The last meeting’s moderator was Rob Rutherford, Professor of Animal Science, Director of the Sheep Unit, veteran Sustainability activist, voracious reader whom I liked to call our Good Shepherd. He’d selected a book called Resilience Thinking, as our text for the day. It introduced a concept new to me, which for some people was replacing the idea of Sustainability at the cutting edge of environmental discourse. It emphasized 1)observing processes from multiple scales to understand how very small and very large changes interacted and 2)studying universal cyclic stages of growth, solidification, decay and reconstitution. I’d found the book poorly organized–often redundant, yet in several places too dense in its use of models plotted with three dimensional calculus.
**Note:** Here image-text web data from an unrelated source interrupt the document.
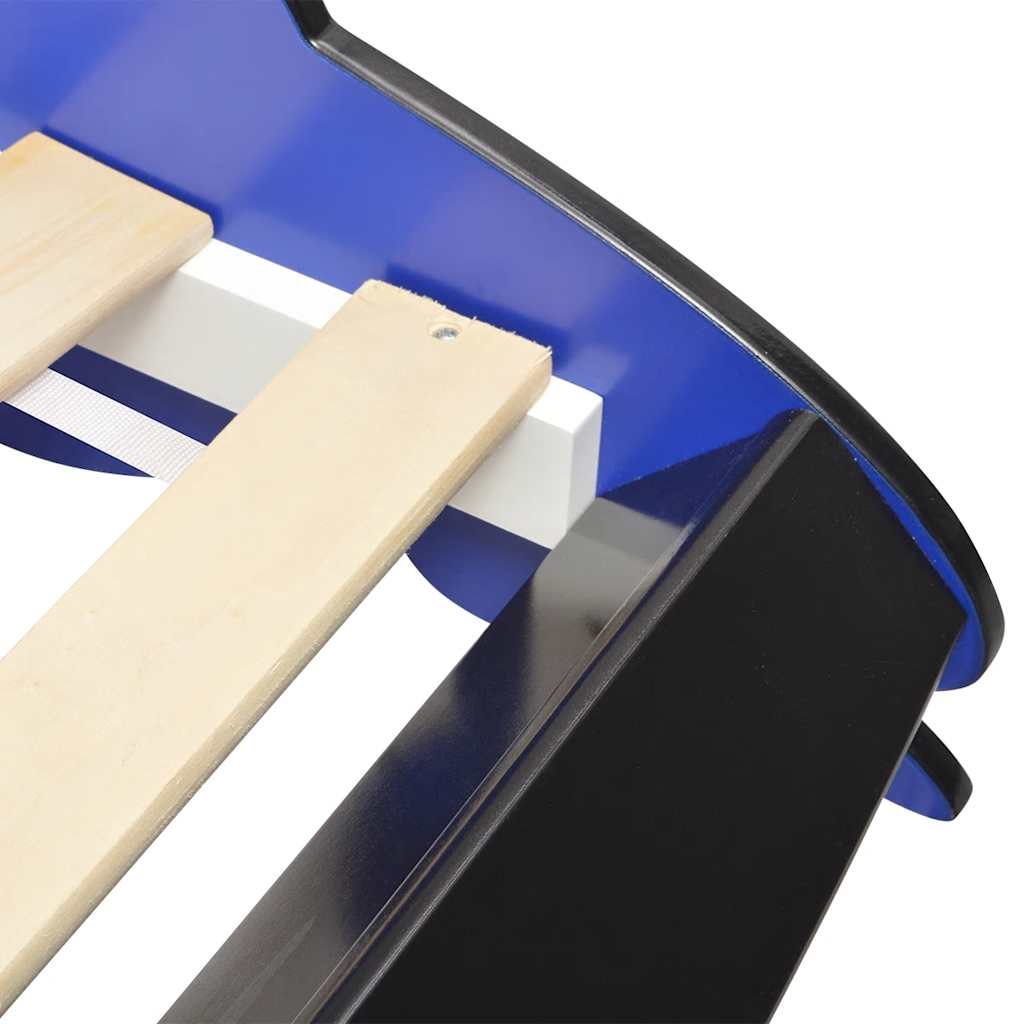 Led racerbilseng til børn 90 x 200 cm blå - number 7.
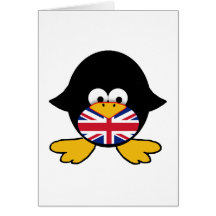 Union Jack Penguin Greeting Cards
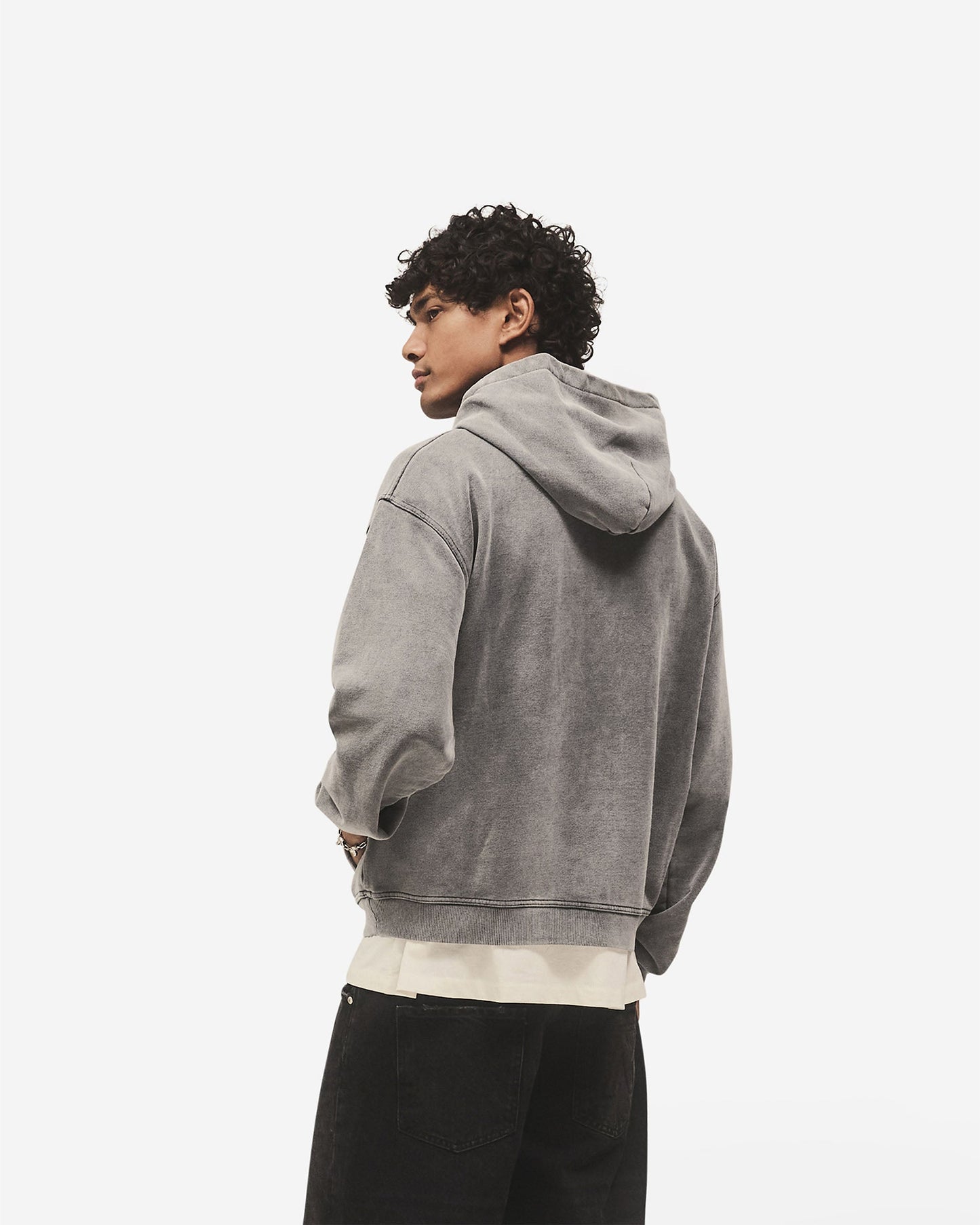 Script Logo Zip Hoodie - Vintage Grey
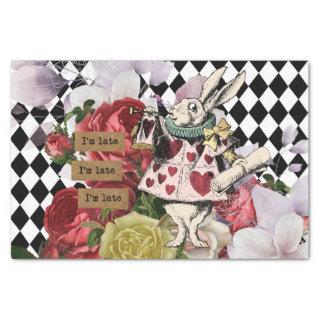 Vintage Alice in Wonderland Decoupage White Rabbit Tissue Paper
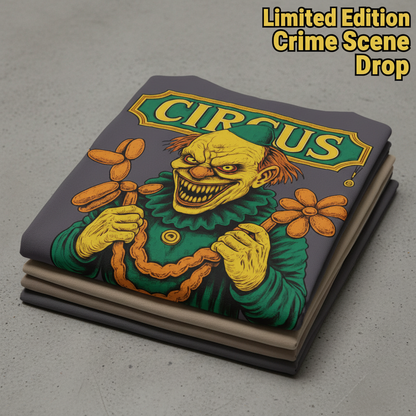 Creepy Circus Clown T-Shirt_stacked_flatlay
However, its elaboration of the idea of tipping points–when systems lose the capacity to absorb disturbance and flip into conditions with new baselines of equilibrium–seemed applicable to the Deepwater Horizon Oil Spill two weeks old at the time, after which the return to the kind of stability implied by “sustainability” seems increasingly unlikely.
Rob had suggested that instead of meeting in our regular location on the fifth floor of the library, we get together at Cheda Ranch, the home of the sheep unit, where he would show us around a landscape that embodied some of the resilience concepts and where he could serve us some of its highly sustainable fruits: fresh lamb, bred, raised and barbequed by his students.
I biked out a little early on that glorious May morning, approaching the ranch through a gate across the road from the Poultry Unit, one of those notorious CAFO’s, which kept five hens in each two foot square cage, which I had visited with my Cal Poly Land students a few years ago. The sight of the old Cheda barn nestled in the vegetation around Stenner Creek and guarded over by the monolith of Bishop Peak, recalled the many times I had made the pilgrimage to this historic hardly known corner of the University’s large land holdings.
larger image
I crossed the creek and sat on a haybale in the old barn making some notes for the seminar, and glanced at the student historical project framed on the wall,
used on the website that one group produced to spread the word about this place after Rob had given them a tour
and introduced them to the idea of holistic management.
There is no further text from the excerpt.